Introduction
The main goal of this project was to identify meaningful and useful clusters (that share common characteristics) of flight delays for FAA regulated airports in the US. The data included name of airport, state, city, operational year (from 2004 to 2010), departures, arrivals, cancelations, number of delays and diversions, average delay times for a number of operational processes (such as taxi-out, taxi-in, airborne time, etc.). Please see a detailed description of the features here. Because some of the features were measured in minutes and some were measured in percentages, the data were normalized (scaled) before any analyses were conducted.
Principal Components Analysis
Principle components analysis(PCA) is a dimension-reduction technique that is completely different from clustering methods such as k-means clustering and hierarchical clustering. PCA seeks to find a best possible low-dimensional representation that explains the maximum amount of variance. Clustering, on the other hand, whether it is k-means analysis or agglomerative hierarchical analysis, looks for similar subgroups in observation data. Before conducting PCA, I needed to see correlations between variables to determine whether the variables have large enough relationships with each other.
As the correlational table above indicates, features are highly correlated among each other, so we can continue with the PCA analysis.
Next, I identified eigenvalues in the PCA model.
The analysis distinguished 17 eigenvalues.
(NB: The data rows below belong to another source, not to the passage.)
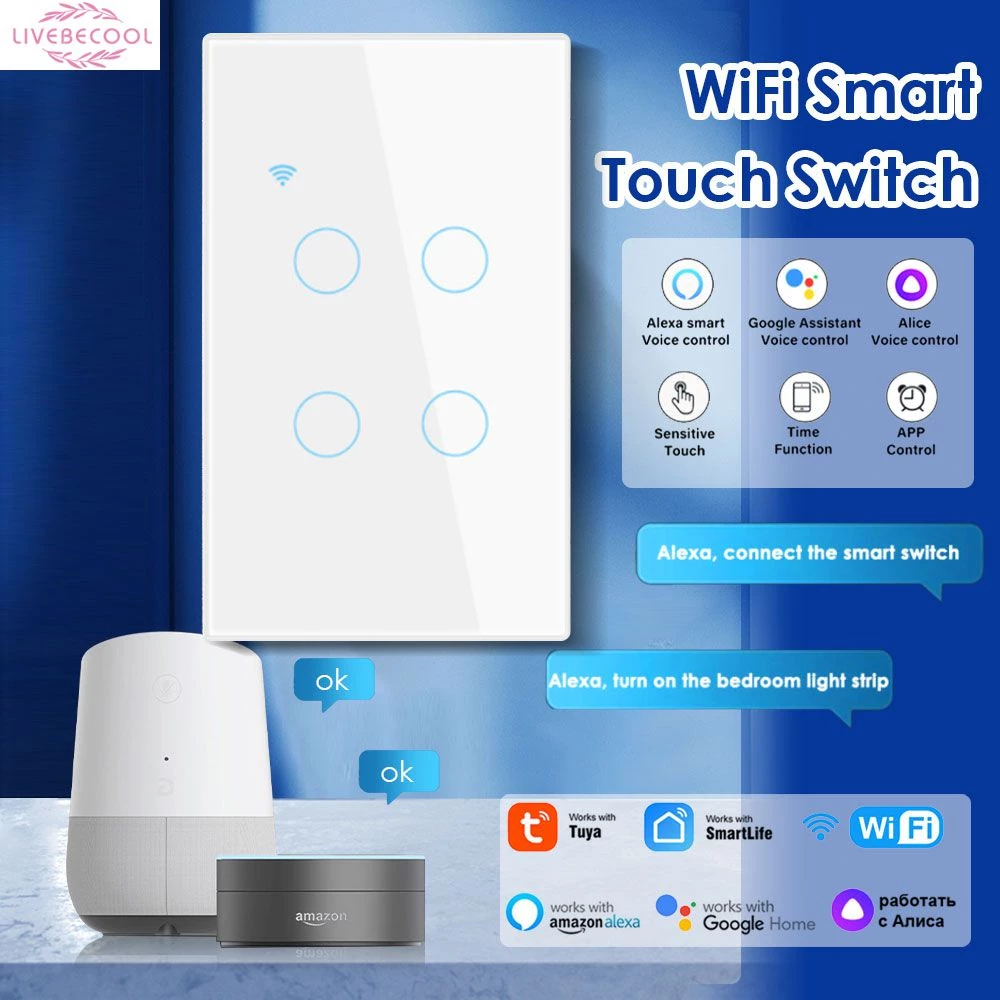 [Giao Hàng Nhanh] Công Tắc Đèn Thông Minh Tuya Wifi Công Tắc Bảng Điều Khiển Cảm Ứng Công Tắc Gắn Tường Không Dây 1/2/3/4 Gang Công Tắc Cảm Ứng Thông Minh Nút Đèn Tường Gia Đình Hoạt Động Cho Alexa Go-ogle Home livebecool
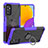 Custodia Silicone e Plastica Opaca Cover con Magnetico Anello Supporto J01X per Samsung Galaxy M52 5G Viola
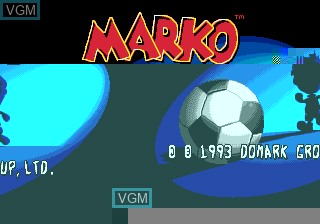 Title screen of the game Marko's Magic Football on Sega Megadrive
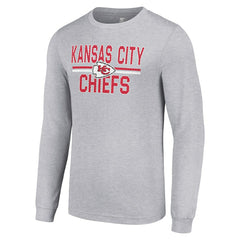 Kansas City Chiefs Starter Team Mesh Print Graphic Long Sleeve T-Shirt Heather Gray - NFL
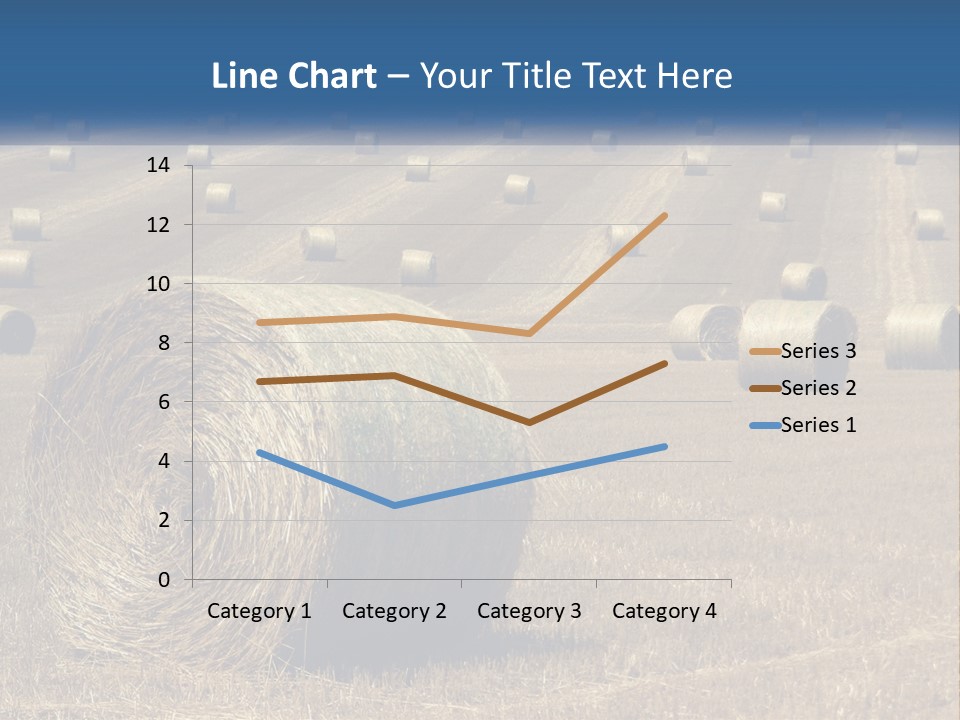 A Field Full Of Hay Bales With A Blue Sky In The Background PowerPoint Template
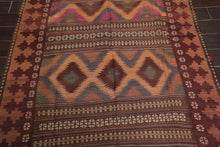4'8"x10'6" Vintage Hand-Woven Turkish Kilim Southwestern Oriental Area Rug Rust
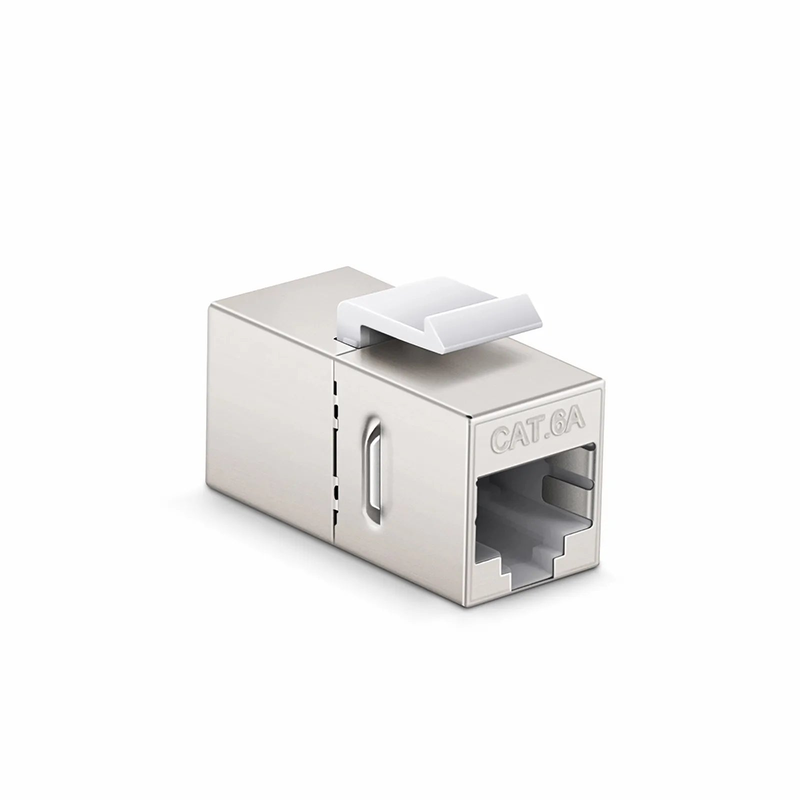 FyberOptix Cat6a Keystone RJ45 Coupler, Shielded, Female to Female Insert Inline Coupler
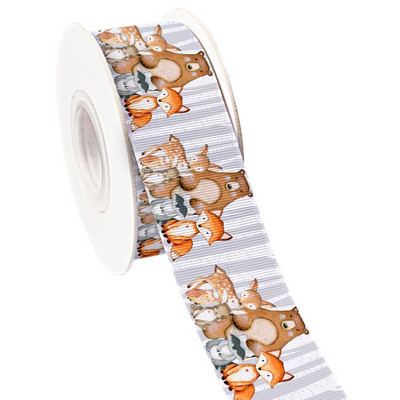 Ζώα του δάσους Tiger Lion Monkey τυπωμένη κορδέλα γκρο/σατινέ υφασμάτινη κορδέλα περιτυλίγματος χειροτεχνίας για διακόσμηση πάρτι Craft 10 Yards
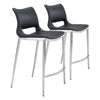 Ace Counter Stool (Set of 2) Black & Silver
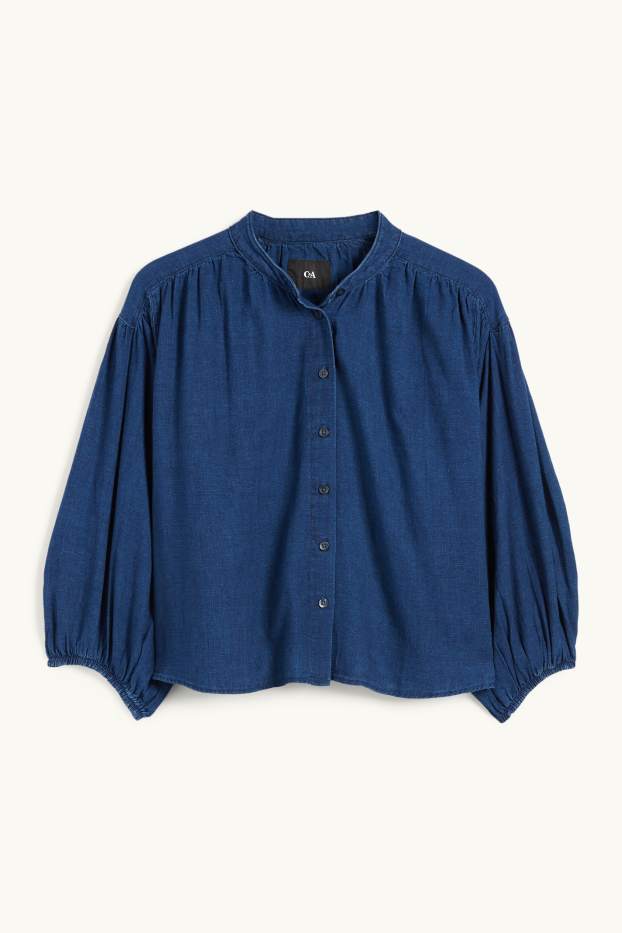 Femei - Bluză - aspect de jeans - denim-albastru închis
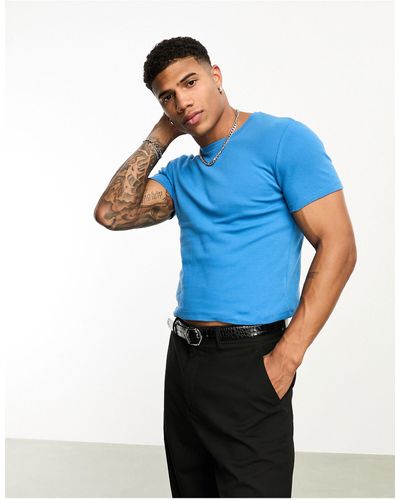 ASOS Geribbeld Cropped Muscle Fit T-shirt Met Ronde Hals - Blauw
The very first eigenvalue had the largest value, while the first three eigenvalues had values larger than 1.
As shown below, the first three eigenvalues formed three major components that cumulatively explained 85.51% of the variance for airport delays. PC1 explained 53.91% of all airport delays while PC1 and PC2 together explained 78.37% of all airport delays.
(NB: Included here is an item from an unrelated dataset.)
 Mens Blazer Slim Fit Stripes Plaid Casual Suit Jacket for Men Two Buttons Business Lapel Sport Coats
I used Kaiser’s stopping rule to select the first three components. Kaiser’s stopping rule states that only the number of factors with eigenvalues over 1.00 should be considered in the analysis. However, using Kaiser’s stopping rule was simply an arbitrary decision I made in this specific case, because I was solely interested in identifying meaningful and useful clusters.
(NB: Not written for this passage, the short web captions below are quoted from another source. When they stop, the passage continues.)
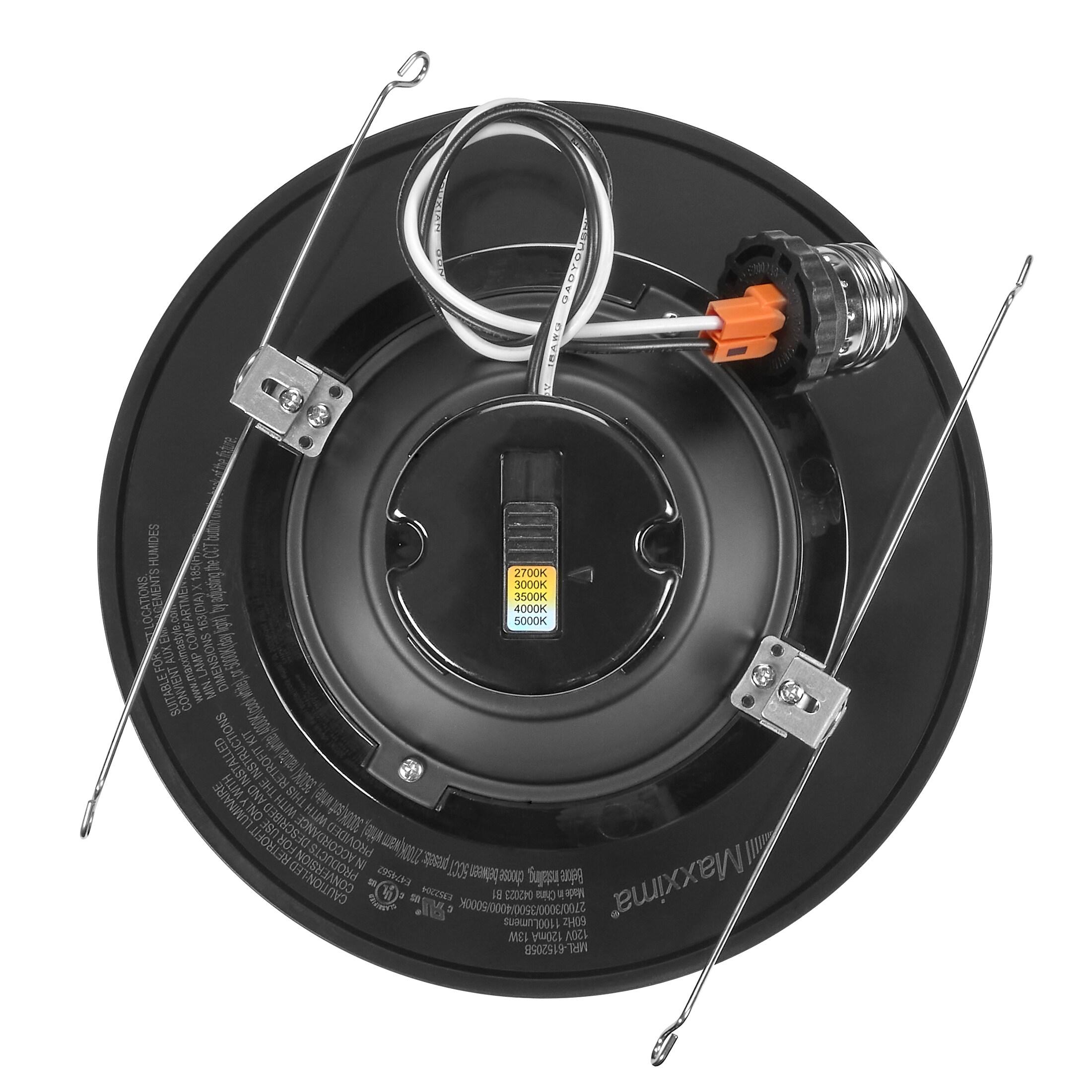 Maxxima 5" & 6" 5 CCT Retrofit LED Downlight - 1100 Lumens, E-26 Quick Connect, Dimmable, Black Trim.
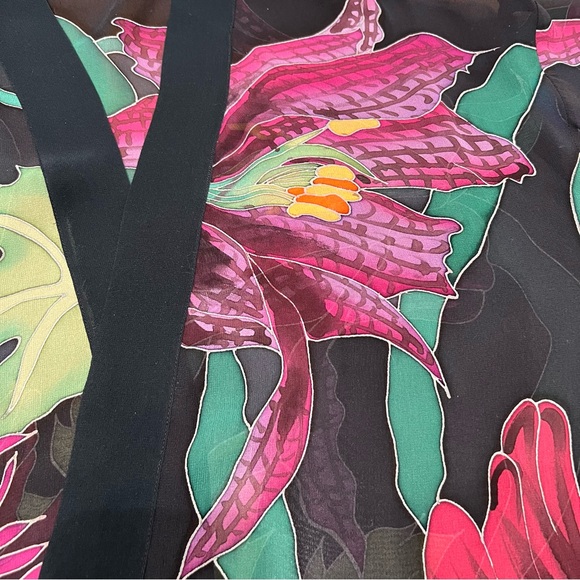 Rare Colorful Tropical Floral Island Print Silk Kimono One Size - Picture 13 of 16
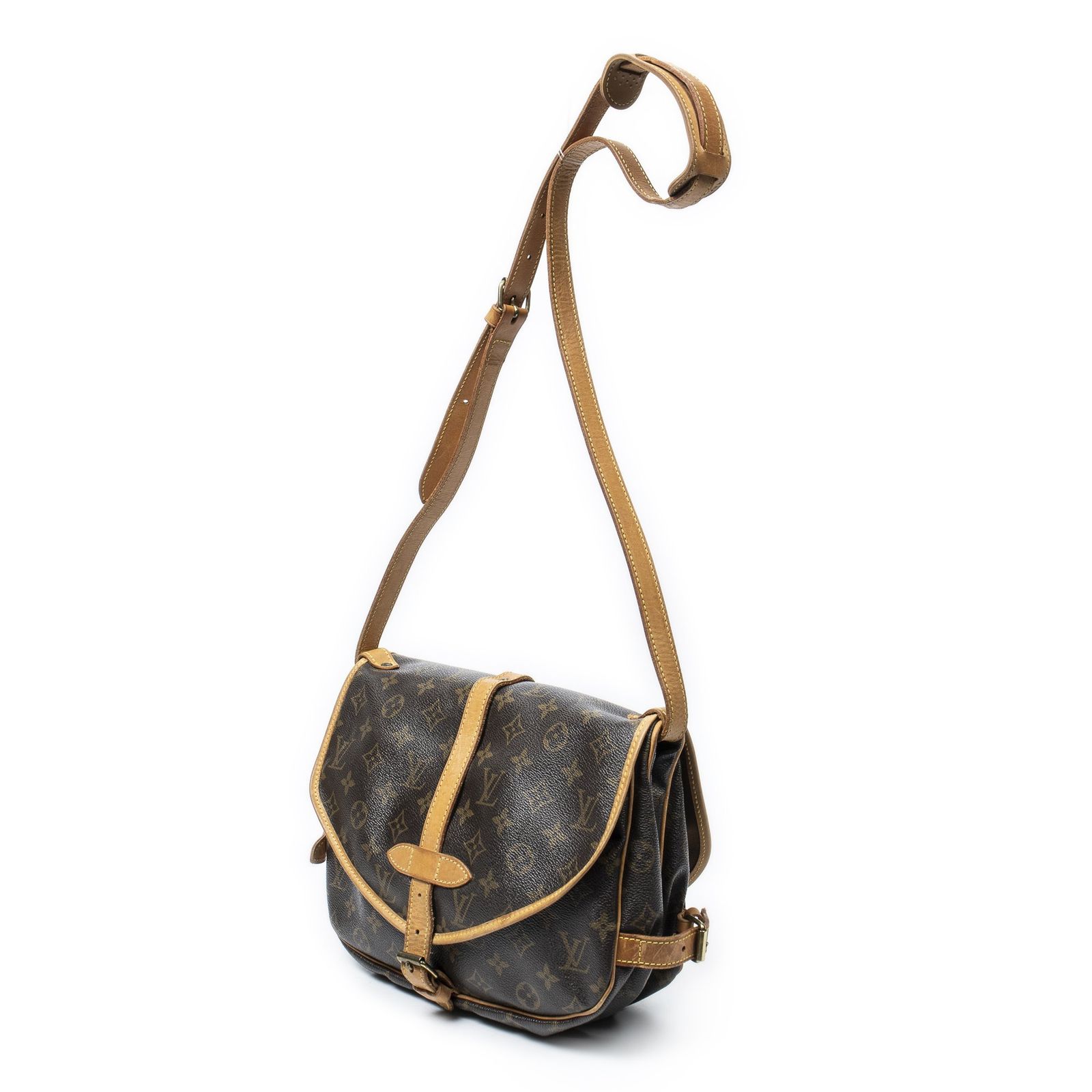 [中古] LOUIS VUITTON ルイヴィトンソミュール茶色モノグラムキャンバスAB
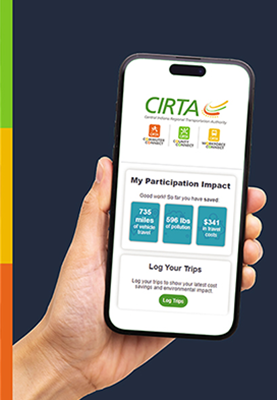 Hand holding a smartphone showing the CIRTA app with 'My Participation Impact' metrics on a dark background.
As seen in the table below, PC1 is positively correlated with all the features included in the PCA except for on-time departure and arrival. Here, PC1 is negatively correlated with the features. PC2 is positively correlated with only several features such as gate delay, air departure delay, gate arrival delay, and is negatively correlated with dept_comp, arriv_comp, ontime_gate_dept, ontime_air_dept, ontime_gate_arriv, taxi_in_delay,dept_cancel,arriv_cancel, and arriv_diversions. PC3 is positively correlated with on-time gate departure, taxi out time, taxi out delay, airborn delay, and block delay, and is negatively correlated with ontime_gate_dept, taxi_out_time, taxi_out_delay, airborn_delay, and block_delay.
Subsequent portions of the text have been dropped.